Protein, as well as some vitamins and minerals, such as vitamin D and iron, are in short supply.

Problems with Hair

Alopecia areata, an autoimmune illness characterised by circular patches of hair loss, is among them.

Androgenetic Alopecia (Male-Pattern Baldness)

The most prevalent cause of hair loss or thinning is inherited from one’s parents’ DNA.

Hormonal Changes

Pregnancy, childbirth, and menopause are all things that women go through.

Medical Problems

Thyroid illness, anaemia, lupus, and other autoimmune diseases


These include medications for heart disease, high blood pressure, depression, and arthritis.

Physical or Psychological Trauma

As a result of childbirth or a serious sickness, for example.

What are the People Who are in Danger?

Though it has been recorded in people of various ages, alopecia areata has two peaks of onset, one in infancy and one in maturity. Alopecia areata has a hereditary base, similar to other autoimmune disorders, and unknown causes cause hair loss.

Type 1 diabetes, celiac disease, rheumatoid arthritis, vitiligo, thyroid illness, multiple sclerosis, and inflammatory bowel disease are only a few of the disorders associated with an elevated risk in the patient or family.

What is the Average Duration of Hair Loss?

Individual episodes of hair loss persist less than a year in half of alopecia areata patients, while hair regrows without therapy in the other half. These people may have recurrent hair loss that regrows on its own or responds swiftly to therapy.

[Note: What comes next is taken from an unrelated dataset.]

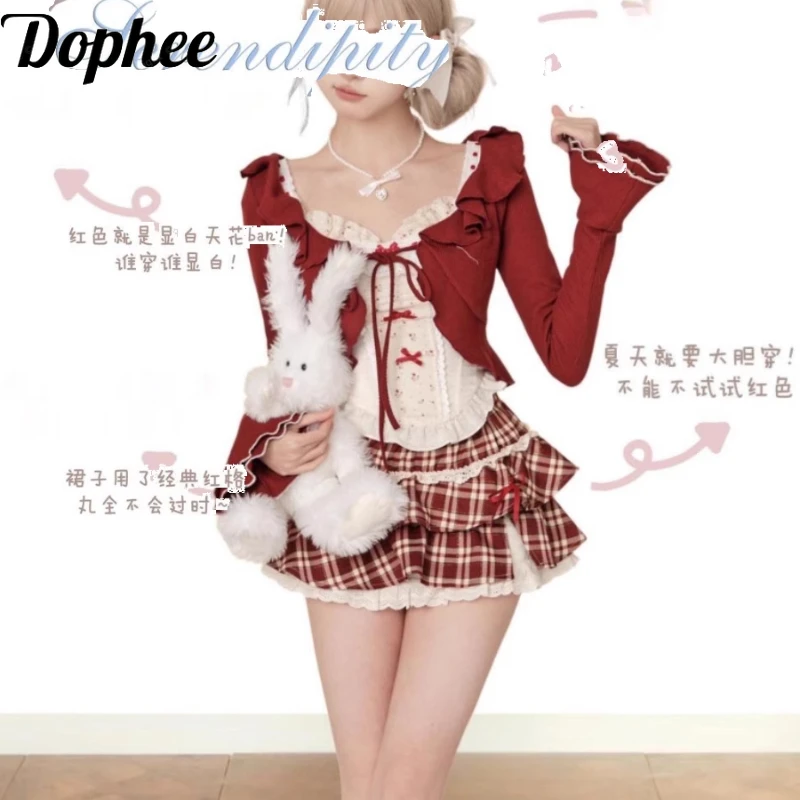 

Dophee Original Vintage Perppy Style 3pcs Sets Lace-up Red Long Sleeve Cardigans Coat+Cute Bow Tanks Top+High Waist Cake Skirt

Other people experience a more gradual deterioration of their hair loss, which does not regrow on its own and may not react to various therapies. There is currently no way to determine which patients will have a limited and temporary involvement and which individuals will have substantial and long-term hair loss.

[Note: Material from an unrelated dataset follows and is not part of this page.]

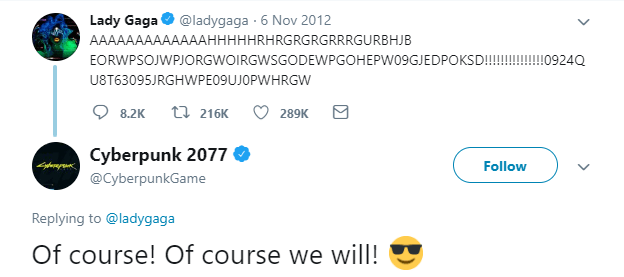 cyberpunk 2077 lady gaga tweet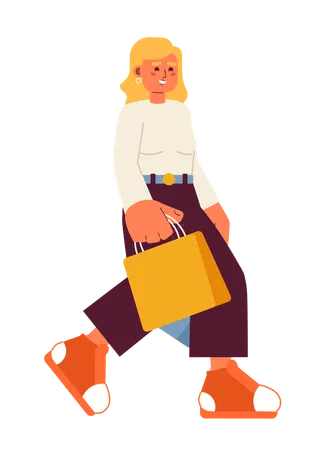 Caucasian lady with shopping bags  Illustration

Physical examination and a thorough patient history are used substantially in the diagnosis of alopecia. It’s crucial to classify hair loss by determining the timing and pattern of hair loss. For example, androgenetic alopecia is most likely the reason of progressive hair loss. It’s also crucial to rule out any underlying medical issues, such as thyroid disease, vitamin D insufficiency, or iron deficiency, which may necessitate the use of certain laboratory testing. A scalp biopsy may be used to confirm the diagnosis of alopecia if it cannot be established by clinical examination.

Main 5 Common Types of Alopecia Areata | What is Alopecia Areata
Alopecia Areata 

Remedy at Home

Because research supporting natural therapies for alopecia are few, studies supporting natural remedies for alopecia are much scarcer.

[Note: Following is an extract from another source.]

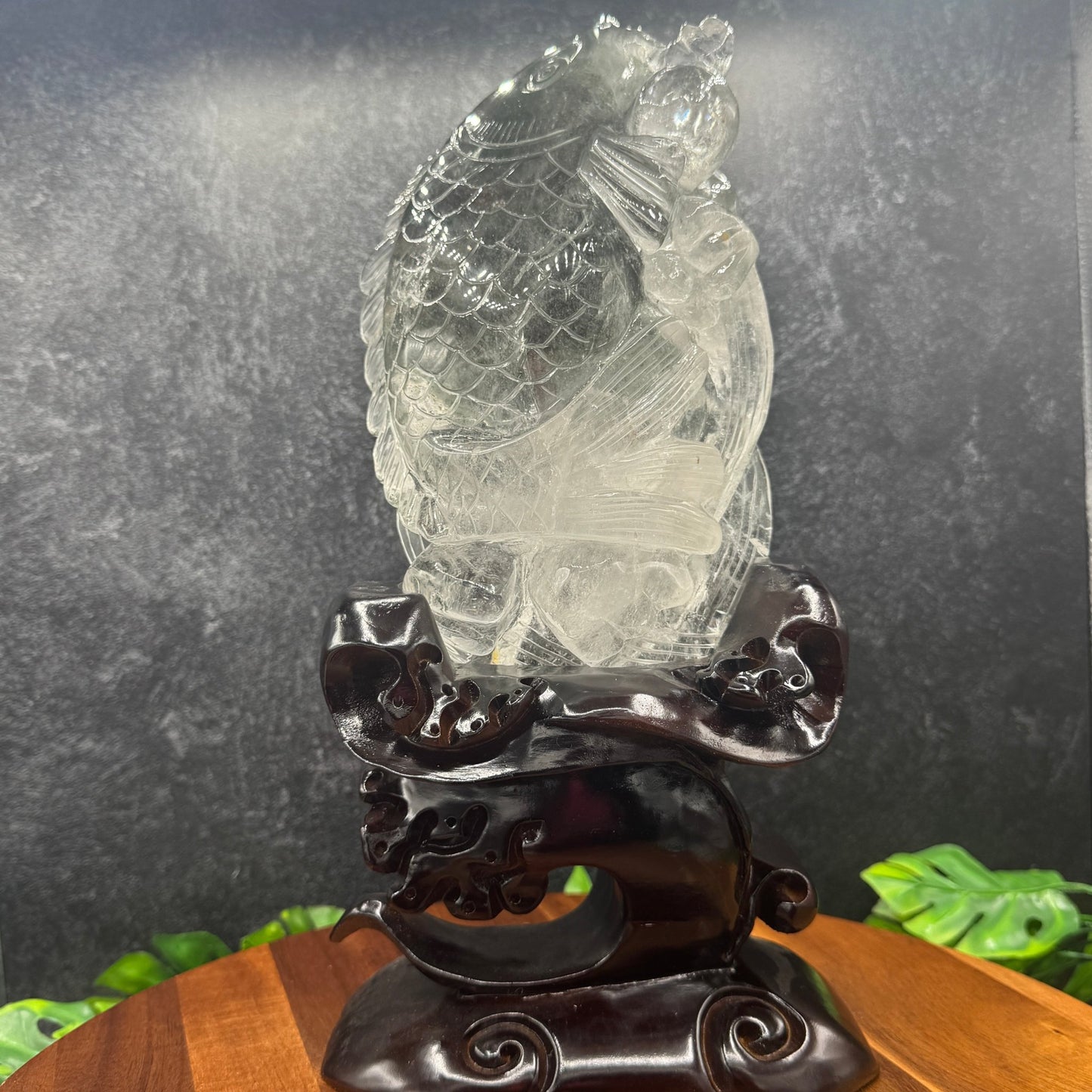 XL Rainbow Clear Quartz Lucky Fish on Stand - Sage & Magic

Some individuals advocate massaging the scalp with onion or garlic juice, cooled green tea, almond oil, rosemary oil, honey, or coconut milk. While none of them are likely to cause damage, evidence does not support their efficacy.

Alternative therapies such as acupuncture and aromatherapy are used by some people, despite the fact that there is little, if any, evidence to back them up.